Lévy advierte su profundo desaliento. No creas que a mí me ha ido mejor, le dice para animarle, parece que los nazis consiguieron finalmente romperme el espinazo y aquí me tienes, los médicos no saben qué hacer conmigo. Y le cuenta sus avatares desde que terminó la guerra: después de sufrir la primera operación en la columna vertebral, se trasladó a Extremo Oriente para ocuparse de algunos negocios de la familia relacionados con el comercio marítimo. Lévy pertenece a una familia francesa muy rica, con parentela establecida en Shanghai desde hace muchos años y dueños de diversas empresas y concesiones: la Compañía de Tranvías, una naviera, una fábrica textil y varios restaurantes. Lévy se enamoró de Shanghai desde el primer momento y decidió quedarse, se hizo cargo de la compañía naviera y de la fábrica y hace seis meses se casó con una muchacha china llamada Chen Jing Fang, hija de un traficante de opio de Tianjin. Es feliz en su matrimonio, sus negocios marchan bien, posee una sólida reputación en los medios aduaneros y banqueros de Shanghai… pero ahora todo eso pende de un hilo. Su columna vertebral se ha agravado y además le tienen que extirpar un coágulo en el cerebro, así que ha venido a París a ponerse en manos de un prestigioso neurocirujano. La primera operación implica un riesgo, y, si sale con bien de ella, le espera una segunda aún más peligrosa: en el mejor de los casos, su estancia aquí no será inferior a cuatro meses. Para evitarle a su mujer un sufrimiento inútil, no le permitió acompañarle. Será operado dentro de dos o tres semanas y no teme morir en el quirófano; teme, en cambio, por la vida de Chen Jing Fang.
– Por eso, al saber que estabas en París, no he dudado en llamarte. -Michel Lévy se impulsa en su silla de ruedas acercándose más al Kim con expresión de ansiedad-. Quiero pedirte un favor, amigo. Un gran favor que sólo tú puedes hacerme.
– Cuenta conmigo. ¿De qué se trata?
– ¿Te acuerdas de Kruger, el coronel de la Gestapo que me torturó en Lyon?
– Cómo no voy a acordarme de ese criminal.
– ¿Le viste alguna vez en persona?
– No. En cierta ocasión ametrallamos su coche oficial y el cabrón escapó por los pelos, acurrucado en el asiento trasero. Apenas le vi la gorra.
– Está en Shanghai -dice Lévy suavemente, como si quisiera atenuar el mal efecto que esta noticia pudiera causarle a su antiguo camarada-. Helmut Kruger se hace llamar ahora Omar Meiningen y regenta un club nocturno, el Yellow Sky Club, y algunos burdeles. Me informé: huyó a Sudamérica antes de que terminara la guerra, vivió en Argentina y en Chile traficando con armas y después saltó a Shanghai. Es un hombre muy conocido en los ambientes nocturnos de la ciudad y juraría que está protegido por una organización de ex nazis que trafica con armas y tiene conexiones con el Kuomintang.
Que habían coincidido casualmente en una recepción del consulado inglés, le explica al Kim, dos días antes de su viaje a París y ya clavado en esta silla de ruedas, y que le había reconocido en el acto a pesar del pelo teñido, el bigote y la simpática sonrisa. Y que Kruger también le reconoció a él, aunque simuló tener ojos solamente para Jing Fang.

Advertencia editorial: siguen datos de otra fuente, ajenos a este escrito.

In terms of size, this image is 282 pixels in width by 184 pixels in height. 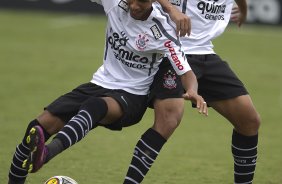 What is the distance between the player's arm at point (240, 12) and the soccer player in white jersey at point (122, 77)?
4.59ft

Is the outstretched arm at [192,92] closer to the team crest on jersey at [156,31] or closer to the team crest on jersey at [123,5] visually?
the team crest on jersey at [156,31]

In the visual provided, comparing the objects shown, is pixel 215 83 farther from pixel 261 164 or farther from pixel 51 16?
pixel 51 16

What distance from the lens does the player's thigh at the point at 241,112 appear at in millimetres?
7215

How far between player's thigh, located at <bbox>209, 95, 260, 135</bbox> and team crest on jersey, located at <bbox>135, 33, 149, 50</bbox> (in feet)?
3.16

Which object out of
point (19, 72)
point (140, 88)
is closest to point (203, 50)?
point (140, 88)

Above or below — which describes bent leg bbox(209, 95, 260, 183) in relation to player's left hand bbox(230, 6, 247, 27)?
below

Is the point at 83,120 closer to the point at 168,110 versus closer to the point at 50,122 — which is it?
the point at 50,122

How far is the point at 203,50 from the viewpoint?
294 inches

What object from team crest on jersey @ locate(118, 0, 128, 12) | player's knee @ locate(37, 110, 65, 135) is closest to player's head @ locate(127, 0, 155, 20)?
team crest on jersey @ locate(118, 0, 128, 12)

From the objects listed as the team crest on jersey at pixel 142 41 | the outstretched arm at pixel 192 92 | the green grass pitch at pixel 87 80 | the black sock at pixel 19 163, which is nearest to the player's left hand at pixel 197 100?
the outstretched arm at pixel 192 92

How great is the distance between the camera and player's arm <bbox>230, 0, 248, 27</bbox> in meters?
8.07

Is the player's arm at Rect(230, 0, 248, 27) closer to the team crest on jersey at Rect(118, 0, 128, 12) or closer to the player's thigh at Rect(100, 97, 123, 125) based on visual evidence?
the team crest on jersey at Rect(118, 0, 128, 12)

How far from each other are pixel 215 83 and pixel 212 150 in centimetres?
270

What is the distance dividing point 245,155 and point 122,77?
135cm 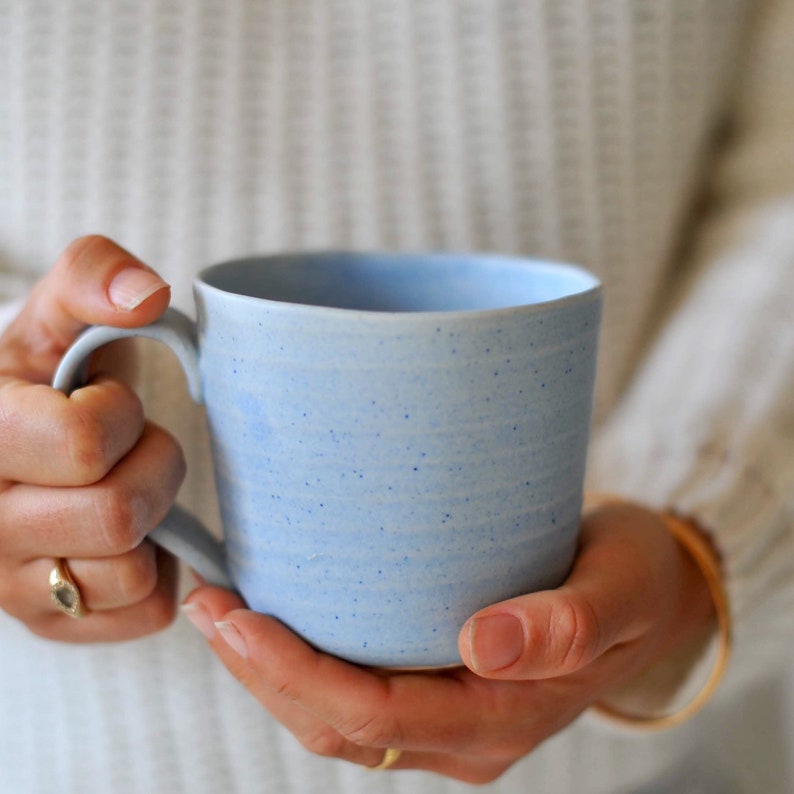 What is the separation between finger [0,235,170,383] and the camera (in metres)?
0.38

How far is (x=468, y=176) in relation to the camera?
661mm

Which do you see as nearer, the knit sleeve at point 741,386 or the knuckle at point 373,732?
the knuckle at point 373,732

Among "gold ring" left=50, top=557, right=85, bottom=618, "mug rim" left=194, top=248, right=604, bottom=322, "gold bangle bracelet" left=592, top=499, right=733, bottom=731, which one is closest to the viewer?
"mug rim" left=194, top=248, right=604, bottom=322

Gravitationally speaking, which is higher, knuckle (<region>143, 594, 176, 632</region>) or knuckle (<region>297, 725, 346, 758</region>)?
knuckle (<region>143, 594, 176, 632</region>)

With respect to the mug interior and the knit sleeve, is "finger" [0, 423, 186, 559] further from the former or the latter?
the knit sleeve

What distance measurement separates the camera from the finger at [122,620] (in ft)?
1.58

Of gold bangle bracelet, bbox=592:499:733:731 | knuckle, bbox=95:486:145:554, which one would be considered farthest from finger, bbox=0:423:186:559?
gold bangle bracelet, bbox=592:499:733:731

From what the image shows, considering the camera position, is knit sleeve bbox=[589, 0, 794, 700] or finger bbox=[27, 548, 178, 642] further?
knit sleeve bbox=[589, 0, 794, 700]

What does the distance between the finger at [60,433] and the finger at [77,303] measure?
0.04 meters

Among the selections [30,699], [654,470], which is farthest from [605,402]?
[30,699]

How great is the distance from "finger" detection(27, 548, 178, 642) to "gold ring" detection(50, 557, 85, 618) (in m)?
0.04

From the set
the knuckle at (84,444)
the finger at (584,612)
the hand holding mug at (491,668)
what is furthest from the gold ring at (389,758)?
the knuckle at (84,444)

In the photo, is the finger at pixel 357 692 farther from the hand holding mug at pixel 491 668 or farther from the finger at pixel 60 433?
the finger at pixel 60 433

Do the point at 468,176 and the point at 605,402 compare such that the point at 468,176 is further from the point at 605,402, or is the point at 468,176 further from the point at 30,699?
the point at 30,699
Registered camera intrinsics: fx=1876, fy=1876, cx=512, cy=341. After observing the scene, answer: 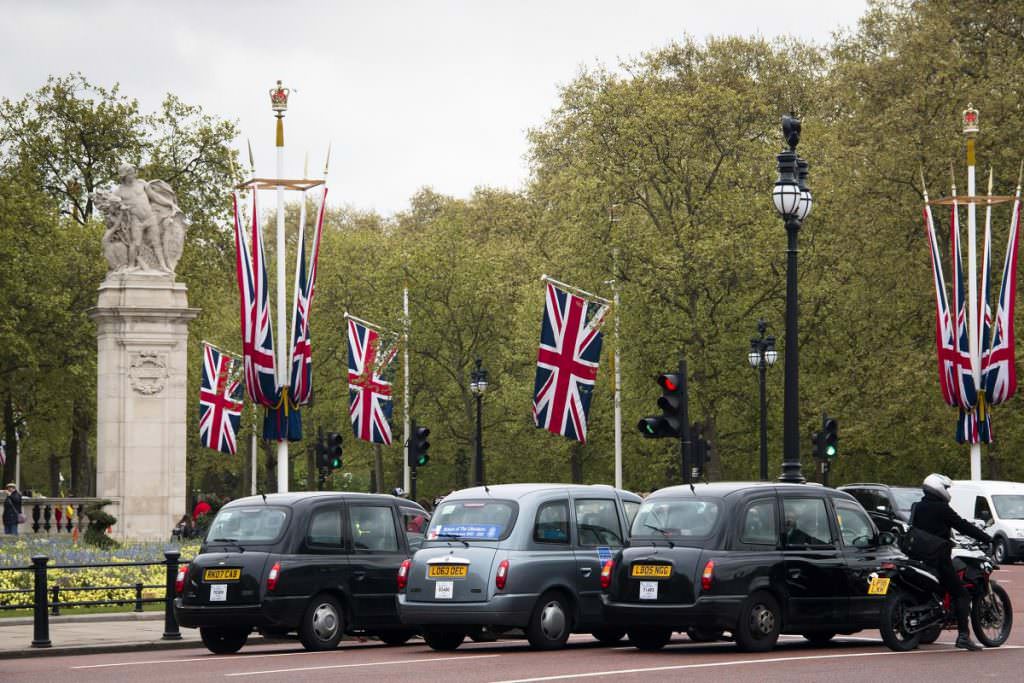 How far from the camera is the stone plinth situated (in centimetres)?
4066

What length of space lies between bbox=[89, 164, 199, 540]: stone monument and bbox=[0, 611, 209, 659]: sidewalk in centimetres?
1544

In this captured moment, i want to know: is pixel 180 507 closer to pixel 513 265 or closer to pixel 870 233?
pixel 870 233

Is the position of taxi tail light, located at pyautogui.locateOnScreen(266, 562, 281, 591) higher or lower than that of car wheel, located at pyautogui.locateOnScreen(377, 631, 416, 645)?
higher

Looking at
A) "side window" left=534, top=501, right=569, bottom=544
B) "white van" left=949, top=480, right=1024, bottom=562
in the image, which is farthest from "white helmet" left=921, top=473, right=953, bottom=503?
"white van" left=949, top=480, right=1024, bottom=562

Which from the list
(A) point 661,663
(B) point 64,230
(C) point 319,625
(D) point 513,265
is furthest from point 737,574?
(D) point 513,265

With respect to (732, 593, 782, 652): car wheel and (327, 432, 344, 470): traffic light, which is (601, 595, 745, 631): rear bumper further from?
(327, 432, 344, 470): traffic light

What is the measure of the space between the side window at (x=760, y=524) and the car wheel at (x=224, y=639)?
559 cm

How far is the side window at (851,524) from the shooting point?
62.7 feet

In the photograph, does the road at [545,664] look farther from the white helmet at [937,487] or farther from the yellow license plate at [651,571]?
the white helmet at [937,487]

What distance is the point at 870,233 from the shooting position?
54.1 metres

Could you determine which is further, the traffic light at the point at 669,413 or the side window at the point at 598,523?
the traffic light at the point at 669,413

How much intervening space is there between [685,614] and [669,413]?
21.5ft

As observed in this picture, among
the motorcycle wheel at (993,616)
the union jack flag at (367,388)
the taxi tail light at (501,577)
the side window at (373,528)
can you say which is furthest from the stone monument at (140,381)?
the motorcycle wheel at (993,616)

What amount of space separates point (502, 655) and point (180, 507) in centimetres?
2407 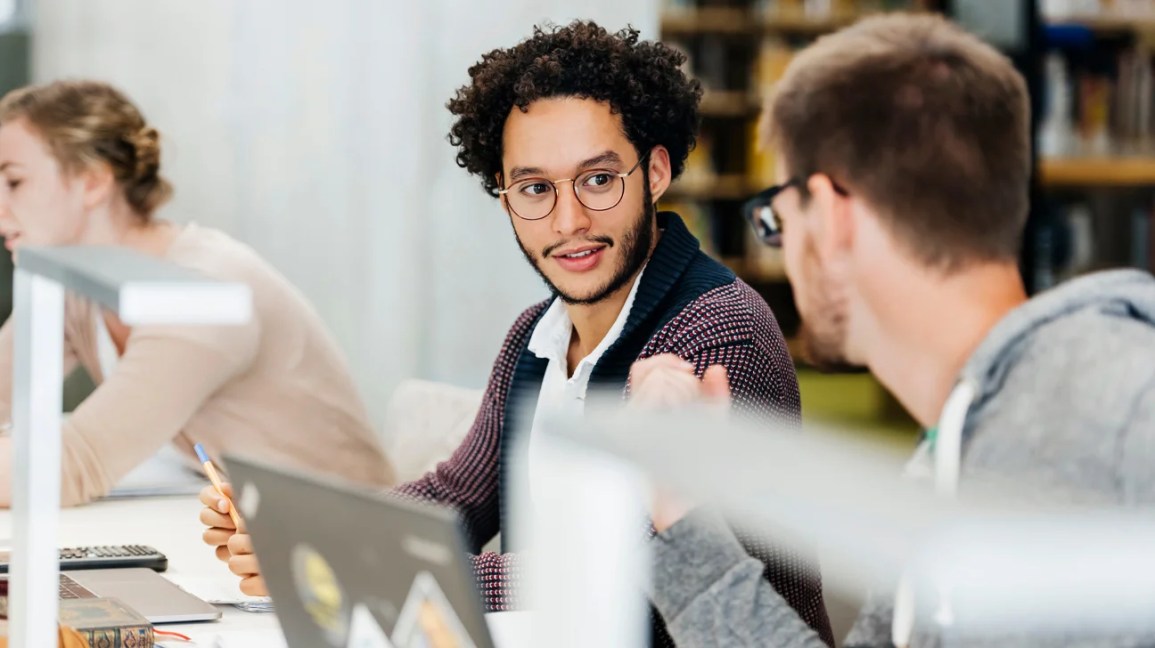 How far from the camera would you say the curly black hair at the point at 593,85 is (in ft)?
6.21

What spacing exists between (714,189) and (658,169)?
13.0ft

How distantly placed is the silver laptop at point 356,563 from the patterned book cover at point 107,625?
257mm

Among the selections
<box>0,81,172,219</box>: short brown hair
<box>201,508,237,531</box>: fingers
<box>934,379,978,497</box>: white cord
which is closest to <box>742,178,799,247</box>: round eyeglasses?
<box>934,379,978,497</box>: white cord

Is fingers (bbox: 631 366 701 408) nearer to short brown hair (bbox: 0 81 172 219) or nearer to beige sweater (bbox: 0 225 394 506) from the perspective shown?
beige sweater (bbox: 0 225 394 506)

– Primero pensé en denunciarlo a un judío cazanazis que conozco en Nueva York -dice el paralítico-. Hace menos de un año, cuando aún podía valerme, lo habría liquidado personalmente… En mi estado, decidí esperar y planear algo seguro a mi vuelta, después de operarme. Pero aquí en París me han asaltado repentinamente toda clase de temores. ¿Y si me quedo tieso en el quirófano? Porque verás: esta fiera sanguinaria me reconoció, como te he dicho, y al día siguiente me envió un anónimo con esta amenaza: si no practico la sabia estrategia del olvido, mi mujer y yo lo pagaremos el día menos pensado, ella la primera. ¿Te das cuenta?
– ¿Quieres que acabe con él? -dice el Kim.
– Quiero ante todo protección para mi mujer. Pero desde luego lo mejor es cortar por lo sano.